The effigy of St. Valerie arrived from across the Atlantic and was immediately transported to Thibodaux via Bayou Lafourche onboard the steamer Nina Simmes. When it arrived in Thibodaux on April 18, 1868, the brier was hoisted on a fire truck and taken to the Church of St. Joseph accompanied by approximately 4,000 people.
Little is known about the real identity of St. Valerie. However, the local people, especially the youth, grew very fond of her and considered her the patroness against natural calamities.

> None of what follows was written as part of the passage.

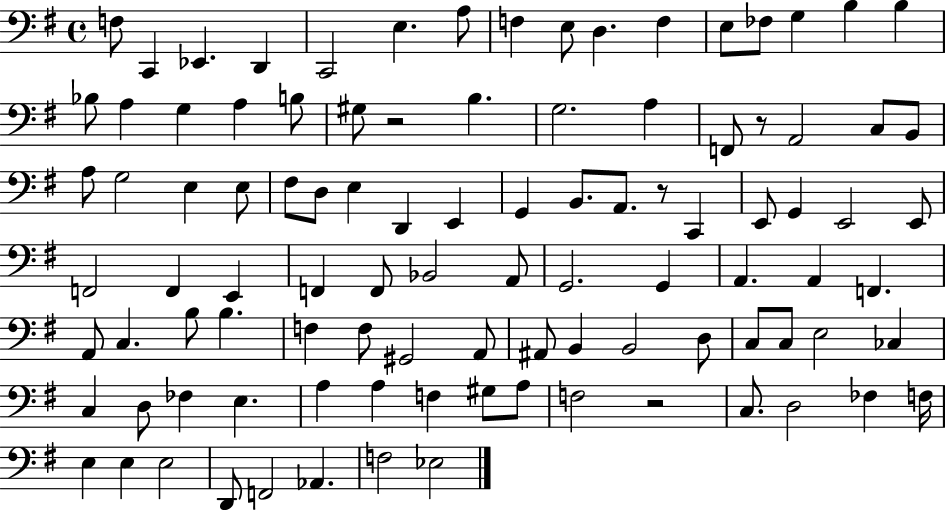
F3/e C2/q Eb2/q. D2/q C2/h E3/q. A3/e F3/q E3/e D3/q. F3/q E3/e FES3/e G3/q B3/q B3/q Bb3/e A3/q G3/q A3/q B3/e G#3/e R/h B3/q. G3/h. A3/q F2/e R/e A2/h C3/e B2/e A3/e G3/h E3/q E3/e F#3/e D3/e E3/q D2/q E2/q G2/q B2/e. A2/e. R/e C2/q E2/e G2/q E2/h E2/e F2/h F2/q E2/q F2/q F2/e Bb2/h A2/e G2/h. G2/q A2/q. A2/q F2/q. A2/e C3/q. B3/e B3/q. F3/q F3/e G#2/h A2/e A#2/e B2/q B2/h D3/e C3/e C3/e E3/h CES3/q C3/q D3/e FES3/q E3/q. A3/q A3/q F3/q G#3/e A3/e F3/h R/h C3/e. D3/h FES3/q F3/s E3/q E3/q E3/h D2/e F2/h Ab2/q. F3/h Eb3/h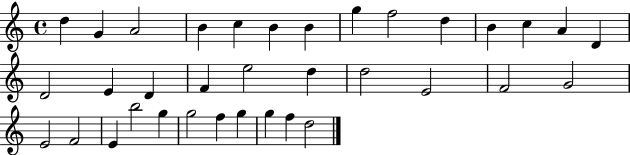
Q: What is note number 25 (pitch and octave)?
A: E4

On May 26, 1916, fire broke out in the sacristy of the old St. Joseph Church located on Highway 1. The fire quickly engulfed the church and local people desperately tried to save what they could. Weighing almost 500 pounds, the brier containing the effigy and relic of St. Valerie was one of a few items saved by responding firemen. The firemen brought the brier to the Mount Carmel Convent Chapel a few blocks away, where it stayed until the new church was built. On April 28, 1940, the brier of St. Valerie was ceremoniously transferred aboard a fire truck from Mount Carmel Convent to its current location in St. Joseph Church.
From her arrival in 1868, surviving the church fire in 1916, and her transfer to the new church, St. Valerie has been associated with the firemen of Thibodaux. For 200 years, St. Valerie has been protecting Thibodaux from major disasters and natural calamities. Her umbrella of protection extends to the firefighters and their families, ancestors of those firemen who first welcomed her on her arrival, saved her from the burning church, transported her to her new home, and continue to honor her with an annual procession on the yearly anniversary of her arrival.